North Korea’s Kim Jong Un oversees test of new surface-to-sea missiles | Nuclear Weapons News
Kim also ordered the North Korean military to boost its readiness near the western maritime border with South Korea.
North Korean leader Kim Jong Un has overseen the test of new surface-to-sea missiles, according to state media, while ordering his military to strengthen its readiness in disputed waters north of the South Korean border island of Yeonpyeong.
The report on the launches by the Korean Central News Agency (KCNA) on Thursday came a day after South Korea’s military said North Korea had fired multiple cruise missiles in waters off its eastern port of Wonsan. The test was Pyongyang’s sixth missile launch event of the year.
The KCNA report said Kim supervised the “evaluation test-fire of new-type surface-to-sea missile Padasuri-6 to be equipped by the navy”, and expressed “great satisfaction over the results of the test-fire”.

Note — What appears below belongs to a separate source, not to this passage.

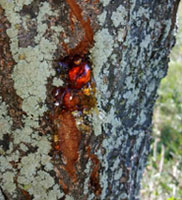 Gummosis tree disease symptoms diagnosed by Harris & Sons certified arborists in Phoenix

The missiles hit their intended targets after flying over the East Sea for 1,400 seconds, it said. The East Sea is known as the Sea of Japan internationally.
Kim also accused South Korea of frequently violating his country’s sovereignty by insisting on a “Northern Limit Line” (NLL), the maritime demarcation line between the two Koreas, and conducting maritime patrols and inter-diction of third-party ships, according to the KCNA. The North Korean leader also gave orders to his military to strengthen its readiness in the waters north of Yeonpyeong Island and to the west of the Korean peninsula, in the region of the NLL.
Waters near the NLL, which was drawn up by the United States-led United Nations Command at the end of the Korean War in 1953, have been the site of previous clashes between the two Koreas. In 2010, North Korea torpedoed a South Korean warship in the Yellow Sea, killing 46 Sailors, and fired a barrage of artillery shells at Yeonpyeong Island, killing four others.
According to the KCNA, Kim referred to the de facto border as a “ghost one without any ground in the light of international law”.
“It doesn’t matter how many lines exist in [North Korea’s] western sea, and what’s clear is that if the enemy violates what we consider as our maritime border lines, we will take that as a violation of our sovereignty and an armed provocation,” he was quoted as saying.
Kim also pledged that Pyongyang would “thoroughly defend our maritime sovereignty by force of arms and actions, not by any rhetoric”.
Earlier this year, the North Korean leader told his country’s rubber-stamp parliament that he would no longer recognise the NLL, and declared that Pyongyang was abandoning its longstanding goal of reconciliation with Seoul. He also said that if South Korea “violates even 0.001 millimetre of our territorial land, air and waters, it will be considered a war provocation”.
In a separate report, KCNA said Kim also inspected a “major” munitions factory and learned in detail about the modernisation of production.
During the visit, he stressed the factory’s role in bolstering North Korea’s armed forces and laid out tasks to improve the quality of munitions and increase production as “required by the prevailing situation and the developing revolution”, KCNA said.
Kim’s visit to the munitions factory comes as the US and its allies have accused North Korea of trading arms with Russia.
The White House said last month that Russia had recently used short-range ballistic missiles (SRBMs) sourced from North Korea to conduct strikes against Ukraine, citing newly declassified intelligence.